The probability of getting a correct response follows a Bernoulli distribution with \(p\) = 0.8.

If you randomly sampled from \(Bernoulli(0.8)\) you would get “correct” 80% of the times and “incorrect” 20% of the times. We can test this in R. In previous chapters we used the rnorm() function to generate random numbers from Gaussian distributions. R doesn’t have an rbern() function, so we have to use the rbinom() function instead. The function generates random observations from a binomial distribution: the binomial distributions is a more general form of the Bernoulli distribution. It has two parameters, \(n\) the number of trials and \(p\) the “success” probability of each trial. If we code each level in the binary variable as 0 and 1, \(p\) is the probability of getting 1 (that’s why it is called the “success” probability).

\[ Binomial(n, p) \]

Think of a coin: you flip it 10 times so \(n = 10\) (ten trials). If this is a fair coin, then \(p\) should be 0.5: 50% of the times you get head (1) and 50% of the times you get tail (0). The rbinom() function takes three arguments: n number of observations (maybe confusingly, not the number of trials), size the number of trials, and p the probability of success. The following code simulates 10 flips of a fair coin with rbinom().
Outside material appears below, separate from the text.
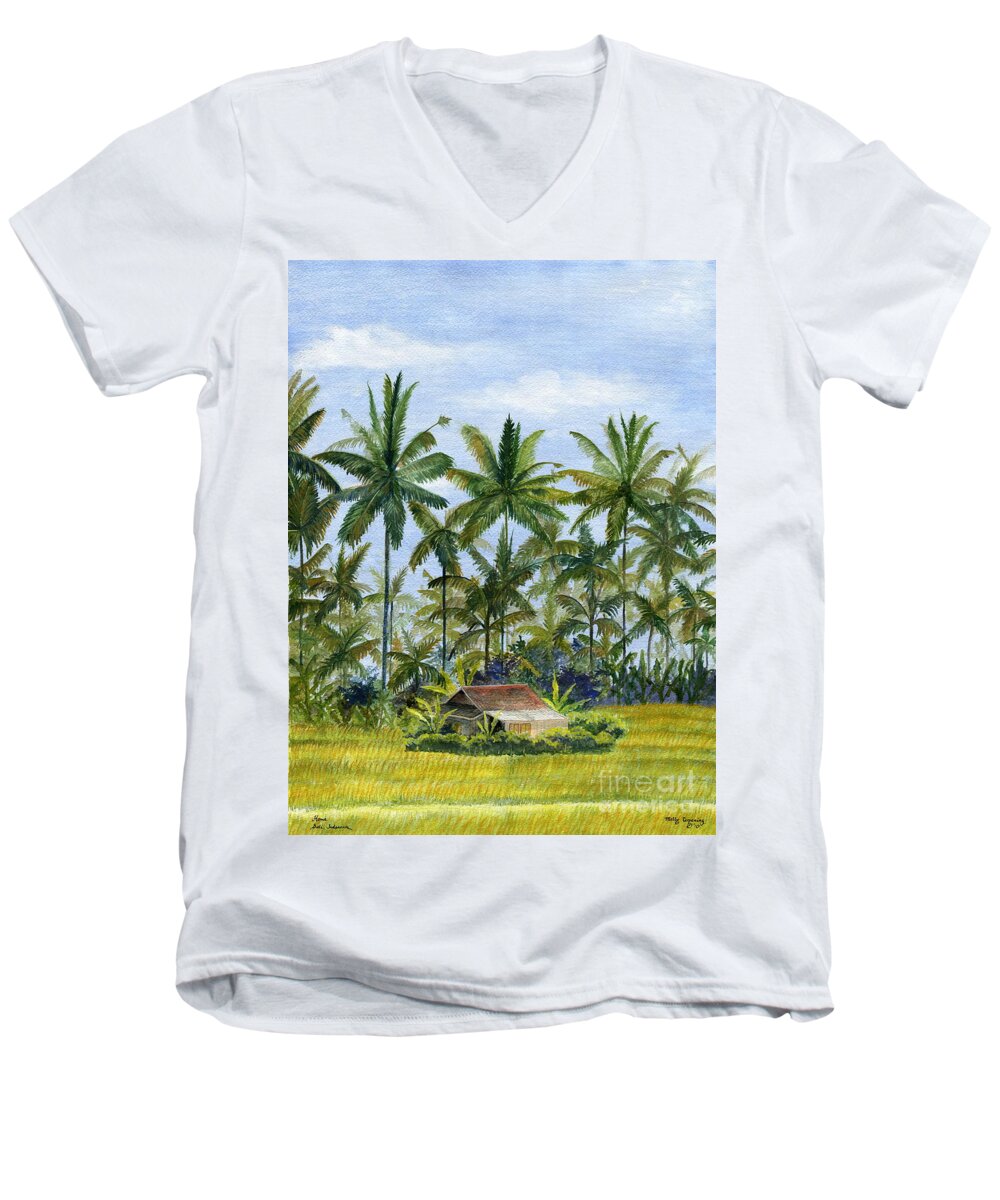 Ubud Men's V-Neck T-Shirt featuring the painting Home Bali Ubud Indonesia #1 by Melly Terpening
# Set the seed for reproducibility
set.seed(9182)

rbinom(1, 10, 0.5)

[1] 6

The output is 6, meaning 6 out of 10 flips had head (1). Note that the probability of success \(p\) is the mean probability of success. In any one observation, you won’t necessarily get 5 of 10 with \(p = 0.5\), but if you take many 10-trial observations, then on average you should get pretty close to 0.5. Let’s try this:

# Set the seed for reproducibility
set.seed(9182)

mean(rbinom(100, 10, 0.5))

[1] 5.08

Here we took 100 observations of 10 flips. On average, about 5 of 10 flips got head (it is not precisely 5, but very close).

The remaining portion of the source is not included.